FOURNIER, J.:—This is an appeal from the decision of the Income Tax Appeal Board dated May 6, 1953 (No. 96 v. M.N.R.,

8 Tax A.B.C. 257), dismissing the appellant’s appeal from its income tax assessments for the taxation years 1947 and 1948, whereby the Minister of National Revenue disallowed as deductible from taxable income certain amounts for depletion of its timber limit and* in respect of the Quebec Education Tax.

At the hearing, the appellant filed a withdrawal of the appeal or objections against the disallowance of amounts claimed as expenses with respect to the Quebec educational tax paid for the years 1947 and 1948.

In its income tax returns for the above taxation years, the appellant claimed as a deduction from taxable income depletion of the timber limit based upon its cost to the appellant in the sum of $1,500,000. The Minister of National Revenue based his assessments on a valuation of $591,667, representing the cost of the limit to the former owner.

At the trial, no verbal evidence was heard, but the parties admitted several facts for the purpose of this cause only, reserving their right to argue the relevancy or materiality of the several admissions.

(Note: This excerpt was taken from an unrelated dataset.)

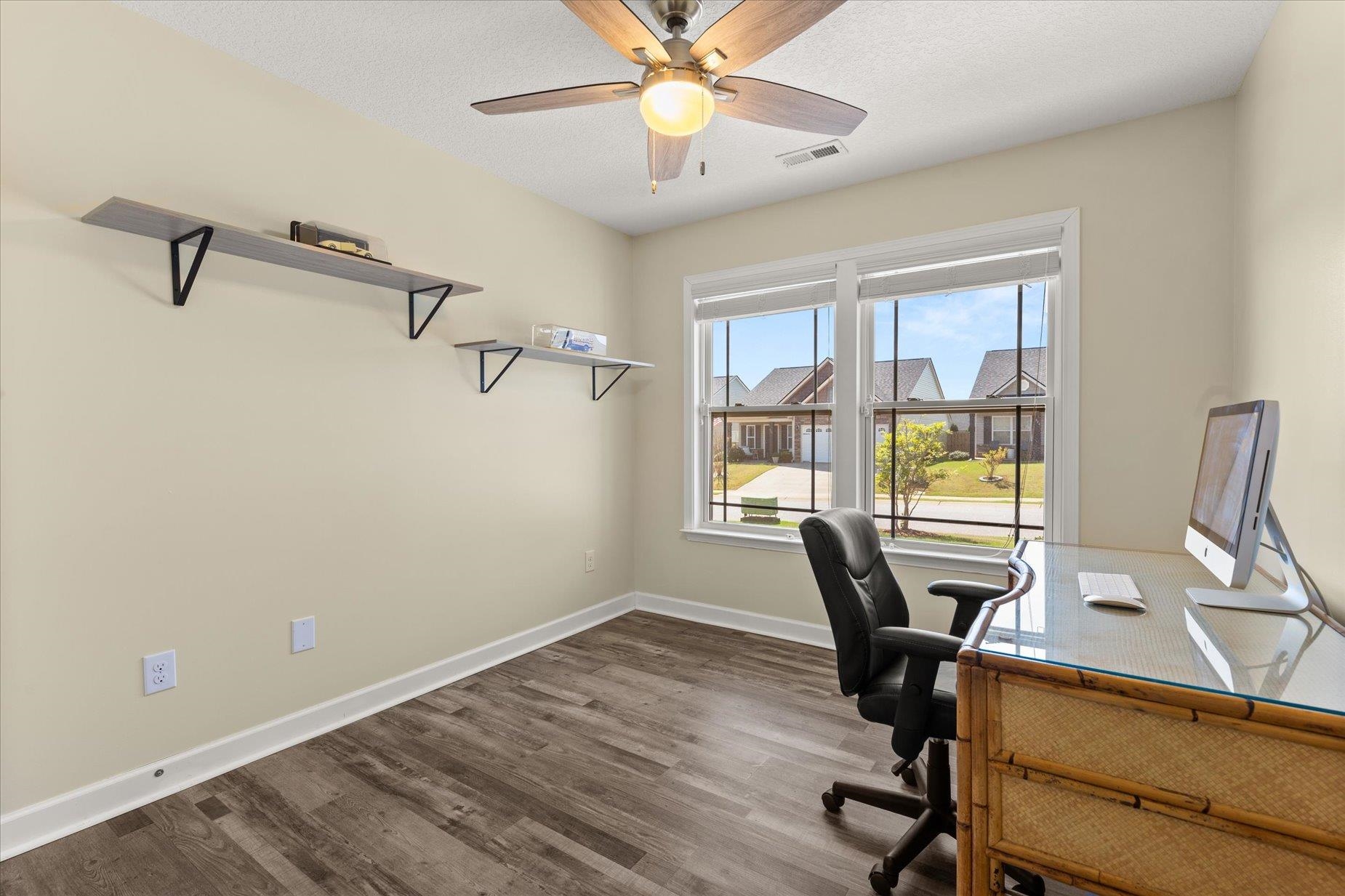 808 John Thomas Way, Greer, South Carolina image 24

A summary of the facts admitted follows.

On April 19, 1943, K. C. Irving personally purchased from the New Brunswick Railway Company 175,935 acres of timber lands, known as the Restigouche limit, for which he paid the price of $710,000. Then on May 10, 1948, he sold part of this limit to the appellant, as appears in the copy of the contract of sale which is on file before the Court. Though the contract mentions that the sale was made for one dollar and other considerations, the parties admit that the true price paid by the appellant to K. C. Irving for the portion of the limit purchased was $1,500,000. The cost to K. C. Irving of that portion of the limit sold to the appellant was $591,667, which figure was used by the Minister of National Revenue as the basis for the 1947 and 1948 allowance for depletion in determining the appellant’s assessments for the above taxation years.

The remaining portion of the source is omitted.